Significant internet service disruptions triggered by the latest AWS outage have once again made the case that providers of live-streamed video can only attain the persistent performance they’re looking for through reliance on a multi-cloud streaming infrastructure.

The widely reported outage centered in the AWS US-EAST-1-Region over several hours on December 7 caused disruptions impacting users in several regions worldwide. As described by Fortune, “The list of high-profile companies significantly impacted by Tuesday’s Amazon Web Services outage reads like a who’s-who of everyday 21st century brands: Netflix, Disney+, Ring, Robinhood, Instacart, Roku, McDonald’s, even Amazon itself.”

Such outages, of course, are not unique to Amazon. Indeed, outages are a fact of life with all iterations of datacenter technology, whether it’s used in private operations or to support public services.

Multiple Disruptions Impacting Millions

But disruptions are especially damaging when the affected facilities are used to provide services to hundreds of millions of end users, as in the cases of AWS and the other major infrastructure-as-a-service (IaaS) providers, Microsoft Azure and Google Cloud. For example, in December 2020 a Google Cloud outage interrupted several services with mass user bases,  as did another the following April Microsoft Azure experienced two outages with global impact from different causes three weeks apart in March and April 2021. And in late November 2020, AWS registered an outage with an impact similar to that of the recent disruption.

When it comes to video streaming, the outage issue is also a major problem for services that depend on content delivery network (CDN) platforms that run on a fixed set of facilities under proprietary control of the CDN operator. Akamai is a case in point with several incidents that generated headlines over the past two years, including two in June and July 2021.

Akamai’s problems were resolved after an hour or so but were disruptive enough to have knocked out online operations at several banks, airlines, and other entities around the world. The risks to companies that depend solely on a single provider like Akamai are unavoidable. As noted by Light Reading, Akamai has acknowledged in at least one quarterly SEC filing that “cybersecurity breaches and attacks on us … could lead to significant costs and disruptions that would harm our business, financial results and reputation.”

Given all that can go wrong when datacenter facilities are used to support complex streaming operations, outages are an inevitable downside to capitalizing on the many benefits that have driven the world’s shift from proprietary hardware to reliance on software running on commodity appliances. Reporting on findings from a comprehensive survey of cloud outages over several years, researchers at the University of Chicago noted, “Service outages are hard to escape from. It has become a new year’s tradition that news websites report the worst cloud outages in the previous year.”

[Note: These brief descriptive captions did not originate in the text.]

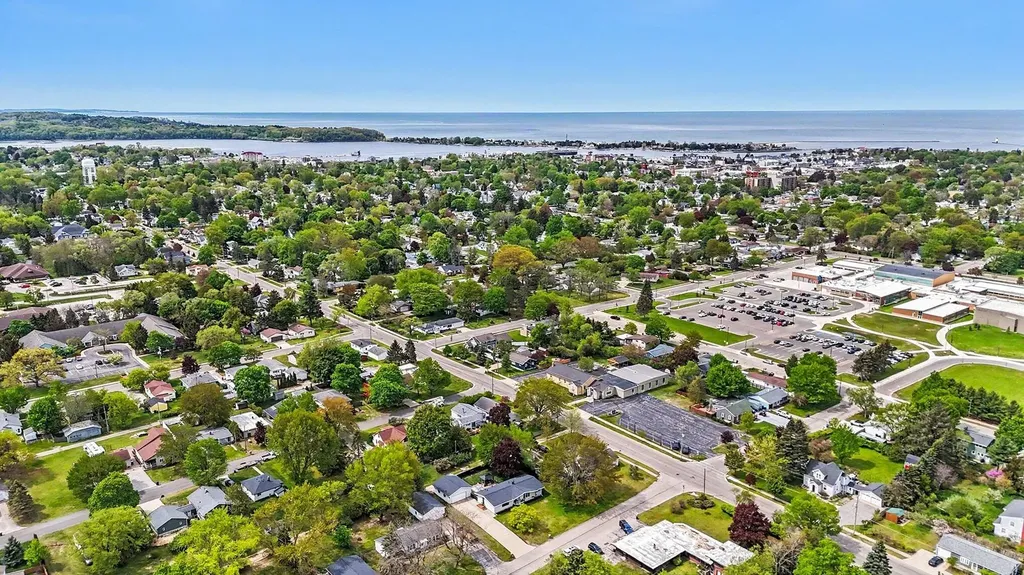 906 Mitchell Street Ludington City MI 49431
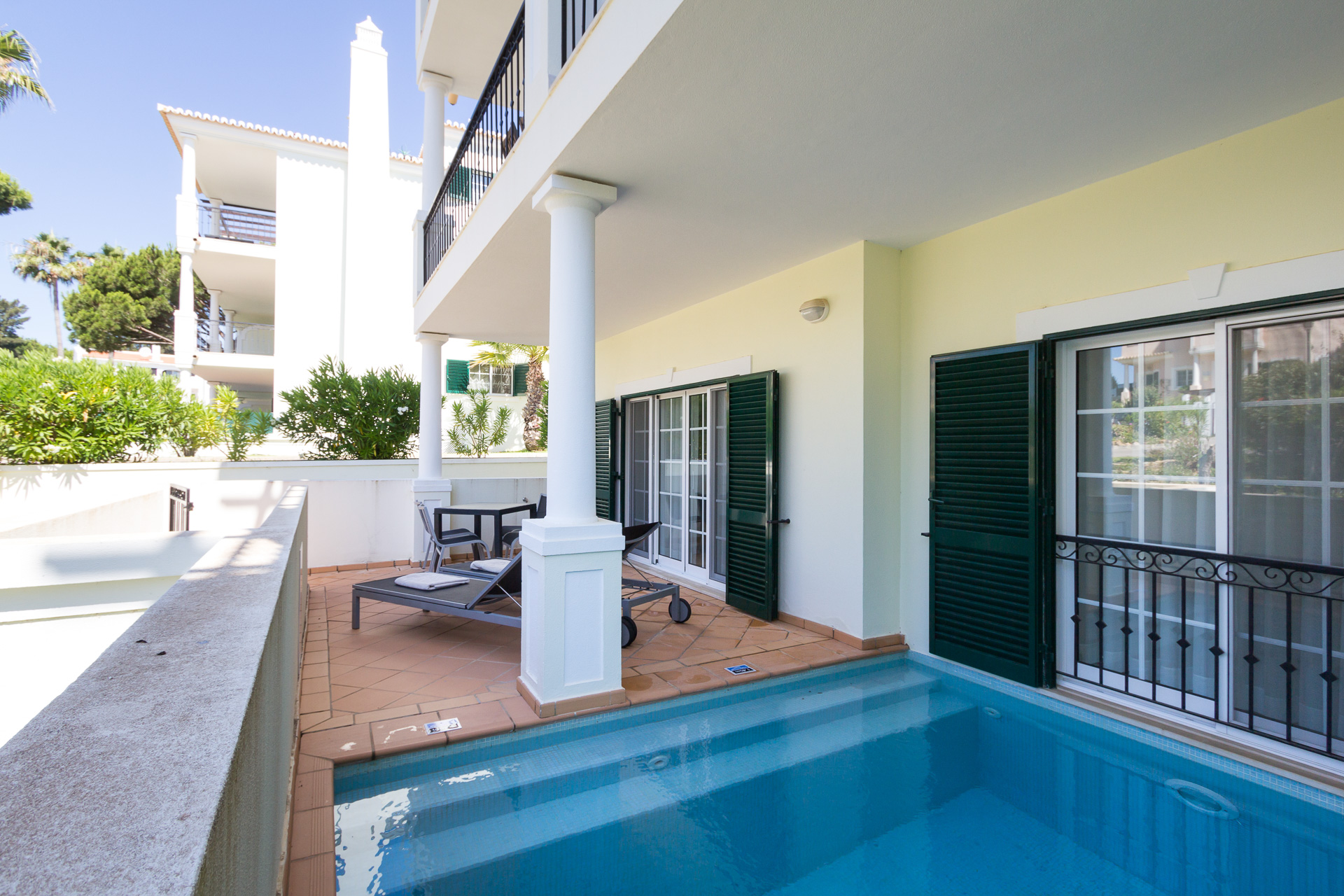 Apartment Three Bedrooms with Private Pool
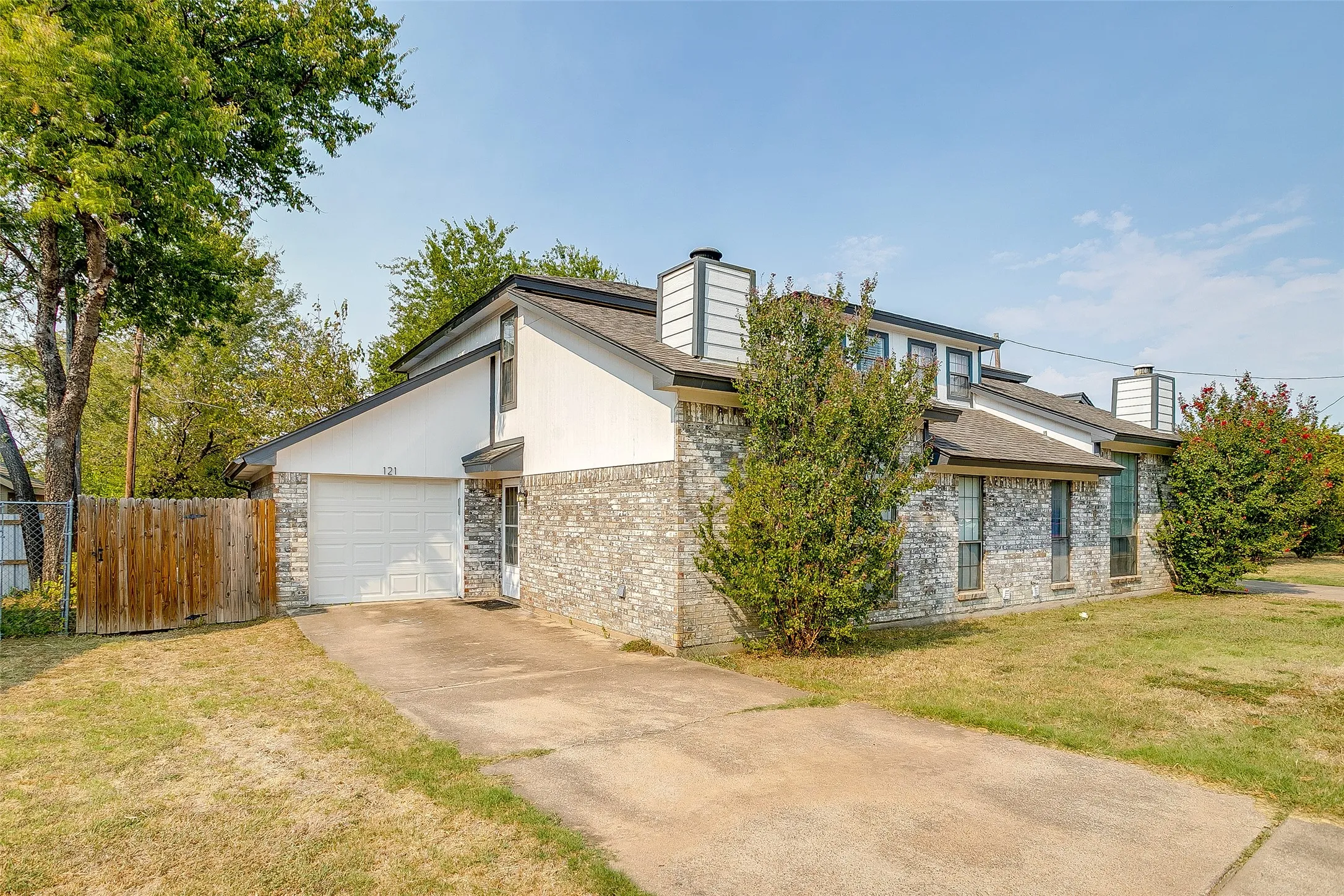 Duplex For Rent in Tarrant County , 121 Myers Drive, White Settlement, Texas 76108, 2 Bedroom, 2 Bathroom, 1 Garage spaces, 1,607 Sqft, built in 1985, mls#21370789, Real Estate Agent in White Settlement, Homes For Rent in Tarrant county, Homes For Rent in White Settlement, Realtor in White Settlement Texas, Real Estate Brokerage Independent Realty Texas, Luminita Cordes Realtor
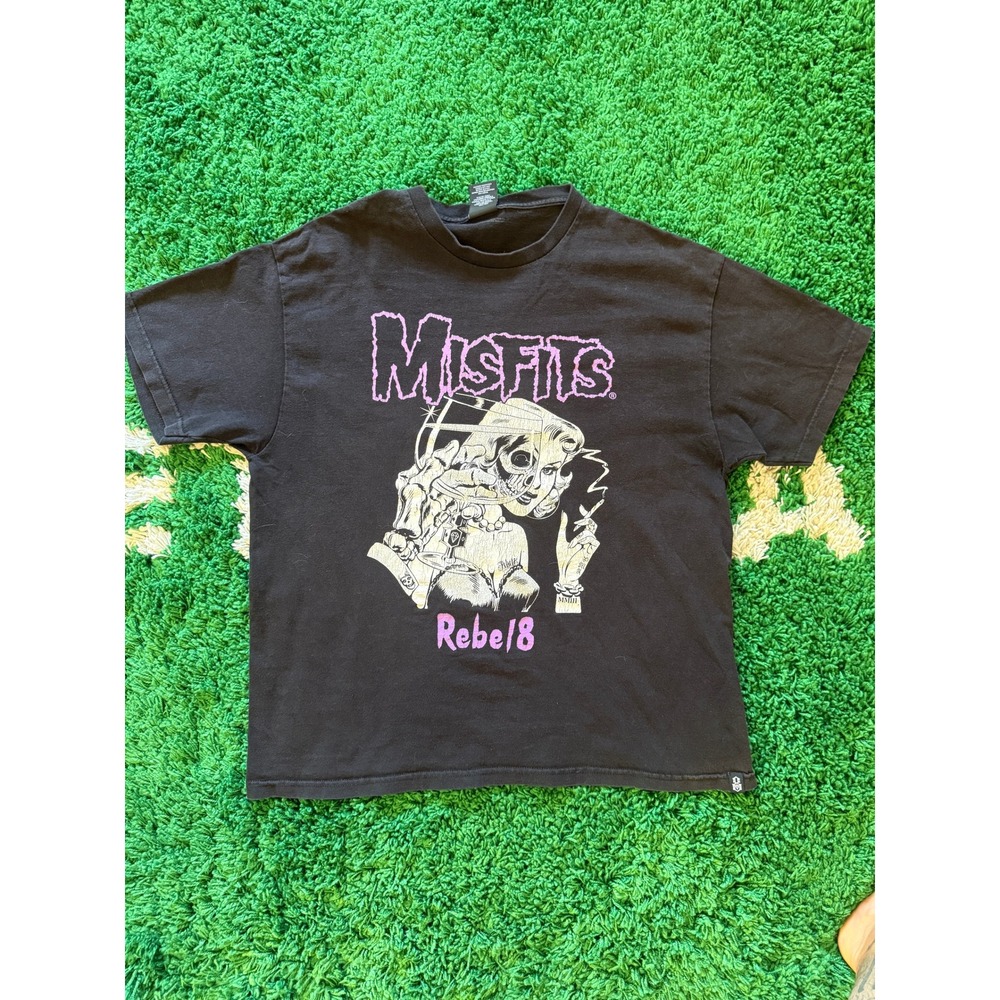 Rebel8 Misfits Graphic T-Shirt Mens XL Black Short Sleeve Punk Streetwear Skull‎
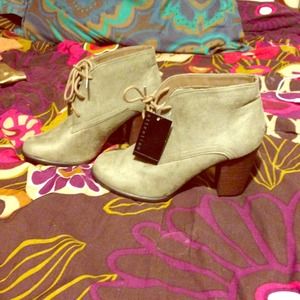 ✂Reduced✂ Grey Suede Ankle Boots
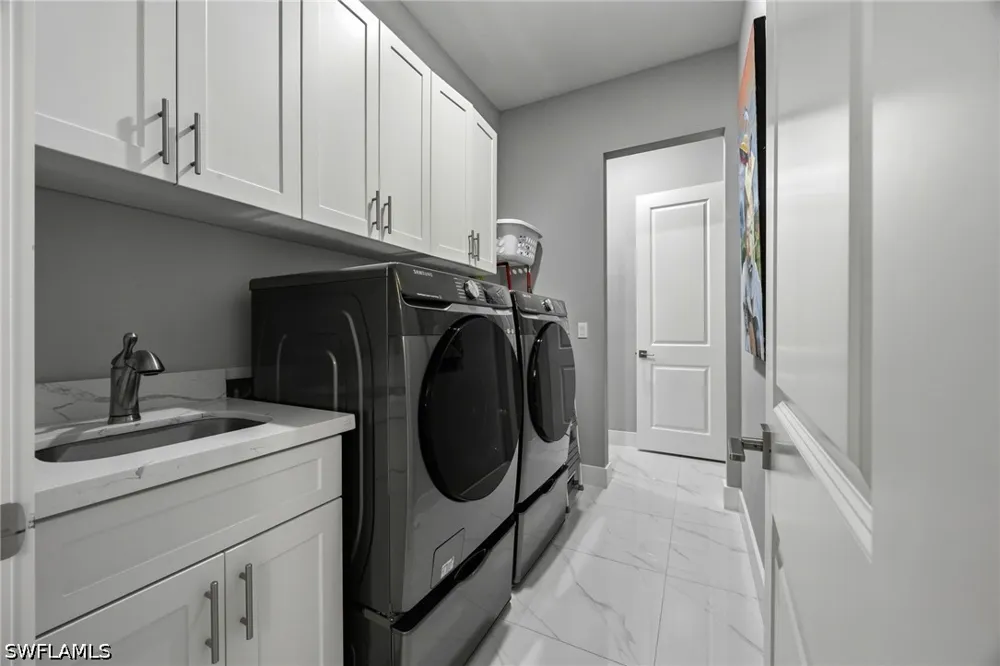 6th Avenue SE Naples, FL 34117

Nor is there any sign that power outages, cyberattacks, software glitches, component failures, and other causes behind the disruptions will diminish anytime soon. As Rob Enderle, principal at the Enderle Group, told the E-Commerce Times following the 2020 AWS outage, “These are complex systems undergoing maintenance at a component level and almost always under attack.”

The New Cross-Cloud Streaming Model

The way forward was well articulated in the aftermath of the December 2021 AWS outage by Yale Law School cybersecurity expert Sean O’Brien. “The latest AWS outage is a prime example of the danger of centralized network infrastructure,” O’Brien said in an interview with CBS. Instead, he added, we need a new network model that resembles “the peer-to-peer roots of the early internet.”

Nothing could be truer when it comes to video streaming, especially when the use cases involve live video streaming. As the ability to stream video in real time becomes ever more essential to applications across every segment of the digital economy, the market can no longer tolerate the risks of relying on traditional approaches to streaming content, whether the support comes from servers of a single IaaS provider or those under exclusive control of a CDN operator.

This is why Red5 Pro’s Experience Delivery Network (XDN) platform is built on a cross-cloud architecture. The platform supports fail-safe real-time streaming across multiple clouds at any distance in any direction with end-to-end latencies no greater than 200ms-400ms and often much lower.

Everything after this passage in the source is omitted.